### Exercise instructions
Print all entries below exactly as they appear.

### Dataset records
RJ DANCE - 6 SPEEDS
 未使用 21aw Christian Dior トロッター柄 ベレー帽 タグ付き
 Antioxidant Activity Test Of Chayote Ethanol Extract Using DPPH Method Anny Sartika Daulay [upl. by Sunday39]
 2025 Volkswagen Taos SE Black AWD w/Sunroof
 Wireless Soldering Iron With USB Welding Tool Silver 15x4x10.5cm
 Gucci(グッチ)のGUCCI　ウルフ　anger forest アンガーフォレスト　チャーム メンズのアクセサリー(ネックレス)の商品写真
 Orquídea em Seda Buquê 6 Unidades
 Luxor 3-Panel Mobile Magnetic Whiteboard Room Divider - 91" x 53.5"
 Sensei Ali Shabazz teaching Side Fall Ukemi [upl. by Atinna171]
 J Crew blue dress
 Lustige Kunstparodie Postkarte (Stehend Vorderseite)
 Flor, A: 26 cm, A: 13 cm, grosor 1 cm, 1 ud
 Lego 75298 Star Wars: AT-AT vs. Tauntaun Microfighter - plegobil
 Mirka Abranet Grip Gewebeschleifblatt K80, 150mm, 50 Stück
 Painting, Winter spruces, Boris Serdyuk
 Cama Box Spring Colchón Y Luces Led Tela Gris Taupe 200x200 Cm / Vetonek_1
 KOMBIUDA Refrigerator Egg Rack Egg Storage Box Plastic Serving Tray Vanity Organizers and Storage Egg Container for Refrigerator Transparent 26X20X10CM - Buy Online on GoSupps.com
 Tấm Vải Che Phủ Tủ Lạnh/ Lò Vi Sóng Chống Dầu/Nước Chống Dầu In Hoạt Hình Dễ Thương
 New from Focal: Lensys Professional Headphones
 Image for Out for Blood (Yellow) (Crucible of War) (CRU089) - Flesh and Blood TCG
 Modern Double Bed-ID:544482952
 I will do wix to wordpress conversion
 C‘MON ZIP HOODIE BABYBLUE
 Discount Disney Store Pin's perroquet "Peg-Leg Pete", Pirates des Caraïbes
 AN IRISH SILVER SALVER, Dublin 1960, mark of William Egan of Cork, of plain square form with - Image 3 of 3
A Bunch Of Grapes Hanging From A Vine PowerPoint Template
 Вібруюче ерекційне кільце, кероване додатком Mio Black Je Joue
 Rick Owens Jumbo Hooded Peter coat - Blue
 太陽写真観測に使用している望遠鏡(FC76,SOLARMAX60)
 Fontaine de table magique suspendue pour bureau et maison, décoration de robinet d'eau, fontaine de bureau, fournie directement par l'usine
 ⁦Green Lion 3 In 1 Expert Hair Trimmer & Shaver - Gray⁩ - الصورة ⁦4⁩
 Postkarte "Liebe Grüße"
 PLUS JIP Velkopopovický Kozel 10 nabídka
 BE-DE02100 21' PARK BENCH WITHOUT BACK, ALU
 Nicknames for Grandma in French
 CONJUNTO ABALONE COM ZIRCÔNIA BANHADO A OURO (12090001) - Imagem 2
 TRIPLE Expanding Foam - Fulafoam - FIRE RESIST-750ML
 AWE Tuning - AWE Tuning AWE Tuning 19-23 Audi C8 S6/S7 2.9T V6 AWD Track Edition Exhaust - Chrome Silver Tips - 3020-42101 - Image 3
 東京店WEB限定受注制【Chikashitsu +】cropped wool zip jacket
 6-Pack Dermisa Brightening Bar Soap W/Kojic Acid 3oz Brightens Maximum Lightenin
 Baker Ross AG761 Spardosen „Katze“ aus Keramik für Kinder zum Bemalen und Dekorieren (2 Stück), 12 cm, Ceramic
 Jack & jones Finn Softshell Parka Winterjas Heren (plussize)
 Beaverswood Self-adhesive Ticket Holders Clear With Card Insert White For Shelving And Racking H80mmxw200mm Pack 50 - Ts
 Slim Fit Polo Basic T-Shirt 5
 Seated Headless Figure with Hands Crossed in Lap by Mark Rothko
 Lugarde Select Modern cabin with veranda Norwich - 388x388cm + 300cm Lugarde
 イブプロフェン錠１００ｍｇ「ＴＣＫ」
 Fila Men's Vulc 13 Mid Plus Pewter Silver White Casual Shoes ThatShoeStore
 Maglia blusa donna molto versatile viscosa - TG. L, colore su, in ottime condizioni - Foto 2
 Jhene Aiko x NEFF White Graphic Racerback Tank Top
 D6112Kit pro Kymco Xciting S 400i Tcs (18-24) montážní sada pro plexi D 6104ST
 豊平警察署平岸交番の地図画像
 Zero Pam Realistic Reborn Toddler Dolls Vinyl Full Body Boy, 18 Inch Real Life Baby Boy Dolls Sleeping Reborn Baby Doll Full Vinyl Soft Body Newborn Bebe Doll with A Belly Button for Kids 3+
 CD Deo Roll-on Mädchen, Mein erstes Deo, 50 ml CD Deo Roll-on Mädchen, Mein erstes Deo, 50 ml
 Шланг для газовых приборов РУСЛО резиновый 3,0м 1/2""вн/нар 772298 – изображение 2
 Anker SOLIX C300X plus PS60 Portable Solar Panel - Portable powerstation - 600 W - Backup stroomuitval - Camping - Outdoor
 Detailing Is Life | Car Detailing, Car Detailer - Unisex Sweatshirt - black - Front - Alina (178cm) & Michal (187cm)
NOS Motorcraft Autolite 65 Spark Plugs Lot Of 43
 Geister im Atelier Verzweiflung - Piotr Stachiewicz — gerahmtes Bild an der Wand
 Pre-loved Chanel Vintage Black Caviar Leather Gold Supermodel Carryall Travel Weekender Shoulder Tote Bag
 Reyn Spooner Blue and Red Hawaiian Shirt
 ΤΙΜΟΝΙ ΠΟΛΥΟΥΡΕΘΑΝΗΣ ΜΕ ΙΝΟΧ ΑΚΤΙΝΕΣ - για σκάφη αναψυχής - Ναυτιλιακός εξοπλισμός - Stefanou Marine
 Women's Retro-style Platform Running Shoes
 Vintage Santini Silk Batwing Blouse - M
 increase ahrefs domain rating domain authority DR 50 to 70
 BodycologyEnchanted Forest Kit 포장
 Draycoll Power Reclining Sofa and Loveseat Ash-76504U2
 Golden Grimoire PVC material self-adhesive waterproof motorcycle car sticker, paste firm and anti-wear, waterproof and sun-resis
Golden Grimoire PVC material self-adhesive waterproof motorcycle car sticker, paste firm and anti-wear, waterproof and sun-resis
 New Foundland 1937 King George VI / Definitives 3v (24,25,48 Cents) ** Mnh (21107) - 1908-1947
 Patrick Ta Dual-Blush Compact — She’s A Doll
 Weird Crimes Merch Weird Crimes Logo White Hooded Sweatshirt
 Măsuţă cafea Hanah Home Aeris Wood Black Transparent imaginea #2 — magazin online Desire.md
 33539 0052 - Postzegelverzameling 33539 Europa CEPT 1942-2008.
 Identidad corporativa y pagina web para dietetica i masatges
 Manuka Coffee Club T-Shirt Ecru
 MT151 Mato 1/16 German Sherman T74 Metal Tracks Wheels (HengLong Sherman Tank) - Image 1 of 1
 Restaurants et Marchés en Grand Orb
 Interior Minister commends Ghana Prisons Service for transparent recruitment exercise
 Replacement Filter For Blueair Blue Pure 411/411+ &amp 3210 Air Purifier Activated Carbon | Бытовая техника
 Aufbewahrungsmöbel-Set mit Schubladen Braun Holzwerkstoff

### Problem solution
RJ DANCE - 6 SPEEDS
 未使用 21aw Christian Dior トロッター柄 ベレー帽 タグ付き
 Antioxidant Activity Test Of Chayote Ethanol Extract Using DPPH Method Anny Sartika Daulay [upl. by Sunday39]
 2025 Volkswagen Taos SE Black AWD w/Sunroof
 Wireless Soldering Iron With USB Welding Tool Silver 15x4x10.5cm
 Gucci(グッチ)のGUCCI　ウルフ　anger forest アンガーフォレスト　チャーム メンズのアクセサリー(ネックレス)の商品写真
 Orquídea em Seda Buquê 6 Unidades
 Luxor 3-Panel Mobile Magnetic Whiteboard Room Divider - 91" x 53.5"
 Sensei Ali Shabazz teaching Side Fall Ukemi [upl. by Atinna171]
 J Crew blue dress
 Lustige Kunstparodie Postkarte (Stehend Vorderseite)
 Flor, A: 26 cm, A: 13 cm, grosor 1 cm, 1 ud
 Lego 75298 Star Wars: AT-AT vs. Tauntaun Microfighter - plegobil
 Mirka Abranet Grip Gewebeschleifblatt K80, 150mm, 50 Stück
 Painting, Winter spruces, Boris Serdyuk
 Cama Box Spring Colchón Y Luces Led Tela Gris Taupe 200x200 Cm / Vetonek_1
 KOMBIUDA Refrigerator Egg Rack Egg Storage Box Plastic Serving Tray Vanity Organizers and Storage Egg Container for Refrigerator Transparent 26X20X10CM - Buy Online on GoSupps.com
 Tấm Vải Che Phủ Tủ Lạnh/ Lò Vi Sóng Chống Dầu/Nước Chống Dầu In Hoạt Hình Dễ Thương
 New from Focal: Lensys Professional Headphones
 Image for Out for Blood (Yellow) (Crucible of War) (CRU089) - Flesh and Blood TCG
 Modern Double Bed-ID:544482952
 I will do wix to wordpress conversion
 C‘MON ZIP HOODIE BABYBLUE
 Discount Disney Store Pin's perroquet "Peg-Leg Pete", Pirates des Caraïbes
 AN IRISH SILVER SALVER, Dublin 1960, mark of William Egan of Cork, of plain square form with - Image 3 of 3
A Bunch Of Grapes Hanging From A Vine PowerPoint Template
 Вібруюче ерекційне кільце, кероване додатком Mio Black Je Joue
 Rick Owens Jumbo Hooded Peter coat - Blue
 太陽写真観測に使用している望遠鏡(FC76,SOLARMAX60)
 Fontaine de table magique suspendue pour bureau et maison, décoration de robinet d'eau, fontaine de bureau, fournie directement par l'usine
 ⁦Green Lion 3 In 1 Expert Hair Trimmer & Shaver - Gray⁩ - الصورة ⁦4⁩
 Postkarte "Liebe Grüße"
 PLUS JIP Velkopopovický Kozel 10 nabídka
 BE-DE02100 21' PARK BENCH WITHOUT BACK, ALU
 Nicknames for Grandma in French
 CONJUNTO ABALONE COM ZIRCÔNIA BANHADO A OURO (12090001) - Imagem 2
 TRIPLE Expanding Foam - Fulafoam - FIRE RESIST-750ML
 AWE Tuning - AWE Tuning AWE Tuning 19-23 Audi C8 S6/S7 2.9T V6 AWD Track Edition Exhaust - Chrome Silver Tips - 3020-42101 - Image 3
 東京店WEB限定受注制【Chikashitsu +】cropped wool zip jacket
 6-Pack Dermisa Brightening Bar Soap W/Kojic Acid 3oz Brightens Maximum Lightenin
 Baker Ross AG761 Spardosen „Katze“ aus Keramik für Kinder zum Bemalen und Dekorieren (2 Stück), 12 cm, Ceramic
 Jack & jones Finn Softshell Parka Winterjas Heren (plussize)
 Beaverswood Self-adhesive Ticket Holders Clear With Card Insert White For Shelving And Racking H80mmxw200mm Pack 50 - Ts
 Slim Fit Polo Basic T-Shirt 5
 Seated Headless Figure with Hands Crossed in Lap by Mark Rothko
 Lugarde Select Modern cabin with veranda Norwich - 388x388cm + 300cm Lugarde
 イブプロフェン錠１００ｍｇ「ＴＣＫ」
 Fila Men's Vulc 13 Mid Plus Pewter Silver White Casual Shoes ThatShoeStore
 Maglia blusa donna molto versatile viscosa - TG. L, colore su, in ottime condizioni - Foto 2
 Jhene Aiko x NEFF White Graphic Racerback Tank Top
 D6112Kit pro Kymco Xciting S 400i Tcs (18-24) montážní sada pro plexi D 6104ST
 豊平警察署平岸交番の地図画像
 Zero Pam Realistic Reborn Toddler Dolls Vinyl Full Body Boy, 18 Inch Real Life Baby Boy Dolls Sleeping Reborn Baby Doll Full Vinyl Soft Body Newborn Bebe Doll with A Belly Button for Kids 3+
 CD Deo Roll-on Mädchen, Mein erstes Deo, 50 ml CD Deo Roll-on Mädchen, Mein erstes Deo, 50 ml
 Шланг для газовых приборов РУСЛО резиновый 3,0м 1/2""вн/нар 772298 – изображение 2
 Anker SOLIX C300X plus PS60 Portable Solar Panel - Portable powerstation - 600 W - Backup stroomuitval - Camping - Outdoor
 Detailing Is Life | Car Detailing, Car Detailer - Unisex Sweatshirt - black - Front - Alina (178cm) & Michal (187cm)
NOS Motorcraft Autolite 65 Spark Plugs Lot Of 43
 Geister im Atelier Verzweiflung - Piotr Stachiewicz — gerahmtes Bild an der Wand
 Pre-loved Chanel Vintage Black Caviar Leather Gold Supermodel Carryall Travel Weekender Shoulder Tote Bag
 Reyn Spooner Blue and Red Hawaiian Shirt
 ΤΙΜΟΝΙ ΠΟΛΥΟΥΡΕΘΑΝΗΣ ΜΕ ΙΝΟΧ ΑΚΤΙΝΕΣ - για σκάφη αναψυχής - Ναυτιλιακός εξοπλισμός - Stefanou Marine
 Women's Retro-style Platform Running Shoes
 Vintage Santini Silk Batwing Blouse - M
 increase ahrefs domain rating domain authority DR 50 to 70
 BodycologyEnchanted Forest Kit 포장
 Draycoll Power Reclining Sofa and Loveseat Ash-76504U2
 Golden Grimoire PVC material self-adhesive waterproof motorcycle car sticker, paste firm and anti-wear, waterproof and sun-resis
Golden Grimoire PVC material self-adhesive waterproof motorcycle car sticker, paste firm and anti-wear, waterproof and sun-resis
 New Foundland 1937 King George VI / Definitives 3v (24,25,48 Cents) ** Mnh (21107) - 1908-1947
 Patrick Ta Dual-Blush Compact — She’s A Doll
 Weird Crimes Merch Weird Crimes Logo White Hooded Sweatshirt
 Măsuţă cafea Hanah Home Aeris Wood Black Transparent imaginea #2 — magazin online Desire.md
 33539 0052 - Postzegelverzameling 33539 Europa CEPT 1942-2008.
 Identidad corporativa y pagina web para dietetica i masatges
 Manuka Coffee Club T-Shirt Ecru
 MT151 Mato 1/16 German Sherman T74 Metal Tracks Wheels (HengLong Sherman Tank) - Image 1 of 1
 Restaurants et Marchés en Grand Orb
 Interior Minister commends Ghana Prisons Service for transparent recruitment exercise
 Replacement Filter For Blueair Blue Pure 411/411+ &amp 3210 Air Purifier Activated Carbon | Бытовая техника
 Aufbewahrungsmöbel-Set mit Schubladen Braun Holzwerkstoff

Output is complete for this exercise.